In another special recognition of a dedicated individual in our local NF community, Renie Moss, tireless patient advocate, was recently presented with the Volunteer of the Year Award by the Children’s Tumor Foundation (CTF) during the CTF Volunteer Leadership Council Meeting in Austin, TX.  Renie was recognized for her inspirational leadership and dedication to patient advocacy and increasing NF awareness nationwide as well as her unique spirit of caring and compassion for NF families. The NF community is very fortunate to have someone with Renie’s many talents dedicated to the cause of patient advocacy and education.

Re-Cap of NF Forum
Last month, 10 people from our NF program attended the annual NF Forum held in Austin, TX, which marks the largest group from our team to attend this meeting. The NF Forum is the largest worldwide meeting dedicated to NF, bringing together patients and families as well as more than 300 NF clinicians and scientists from around the world to discuss advances in patient care, treatment, and research.  The meeting provides an invaluable collaborative environment in which to exchange ideas and research findings with international clinicians and scientists working in the field of NF.  Several members of our team gave poster presentations summarizing research conducted as part of our NF research program. The meeting left all of us energized with new ideas and goals for our program.  One of the most interesting aspects of this year’s meeting was learning about new animal models that have been developed using pigs instead of mice.  The pig model replicates the features of NF1 more closely than the mouse model, providing significant research advantages.  We’re currently establishing a collaboration with one of the groups that developed the pig model and are hoping to incorporate these models into our research in the near future.

NF Genital Exam
In continuing our discussion of what to expect during an NF exam, I’d like to briefly review issues that could be detected during a genital exam. The most relevant potential problem we’re looking for is evidence of early or delayed puberty.  As clinicians, we’re looking for changes such as the appearance of pubic hair and an early growth spurt as indicators of precocious (early) puberty. Sometimes, precocious puberty occurs for no known reason, but usually it is associated with optic nerve tumors (optic glioma) that involve the nearby hypothalamus that controls hormonal production in the brain.  If signs of precocious puberty are found, we use MRI to check for the presence of an optic glioma and obtain hormonal studies.  We also arrange for referral to a pediatric endocrinologist.  Early puberty is difficult for children both emotionally and psychologically, and it causes them to be significantly taller than their peers at a very young age, but, because of premature closure of the growth plate, ultimate height attainment is shorter than normal. Precocious puberty can be successfully treated hormonally; if there is an optic glioma, sometimes that, too, requires treatment, though if there is no impairment of vision or evidence of progression, the optic pathway tumor may not require treatment.  Aside from precocious puberty, signs of puberty can also occur later than normal.  If delayed puberty is suspected based on a lack of physical indicators such as pubic hair and an adolescent growth spurt, we would also perform hormonal testing and refer to an endocrinologist.   

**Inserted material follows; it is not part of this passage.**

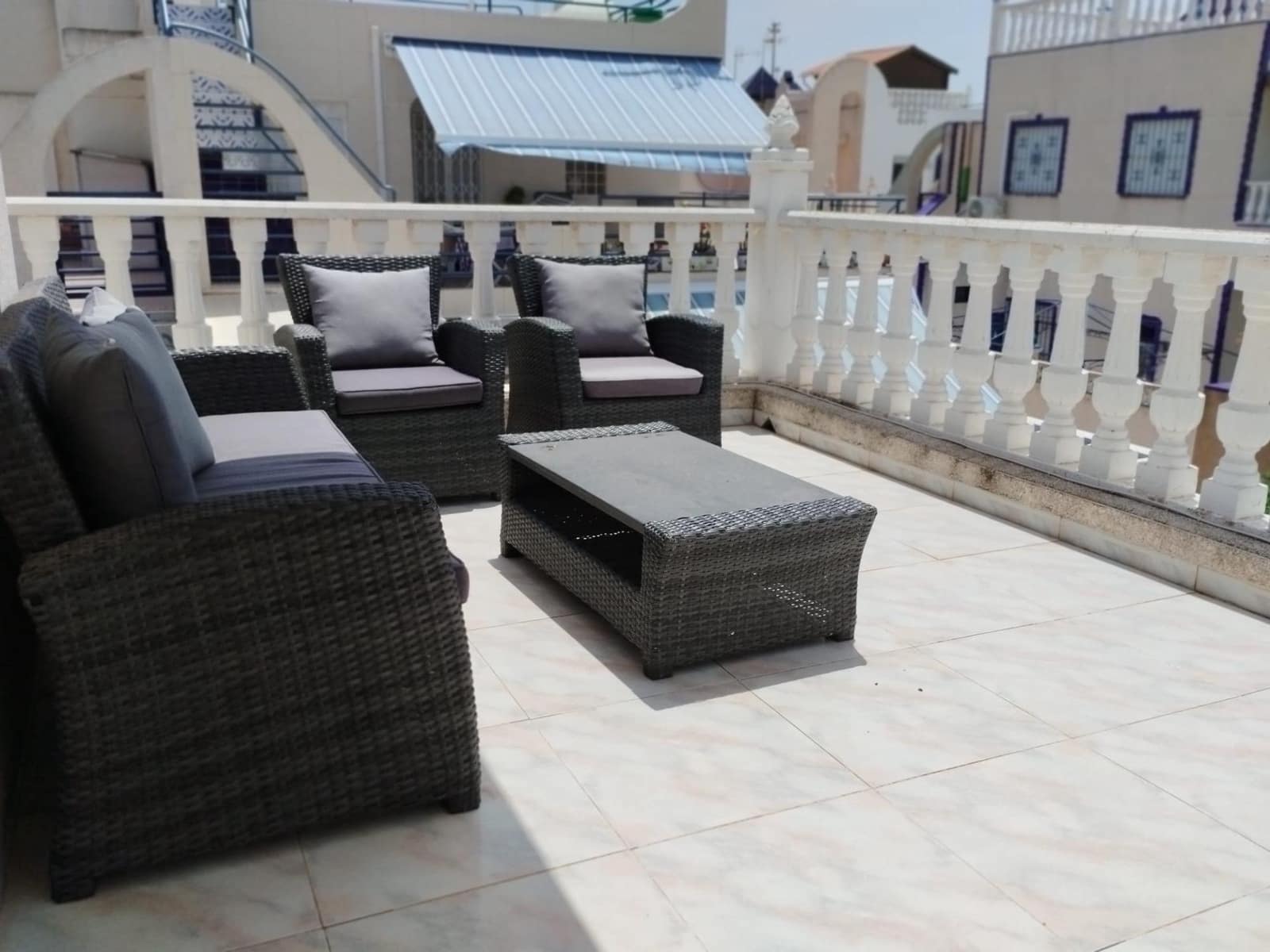 3 Zimmer Villa zu verkaufen in Torrevieja mit Pool - 179.990 € (Ref: 9232848)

In some people with NF, plexiform neurofibromas can affect the genital region, sometimes causing an overgrowth of the genitalia in males and females. Surgical treatment can be performed in these cases to help manage the problem. In women, plexiform neurofibromas can also sometimes impinge on the uterus and cause issues during pregnancy that might require surgical treatment, though sometimes these are too large to be amenable to surgical resection.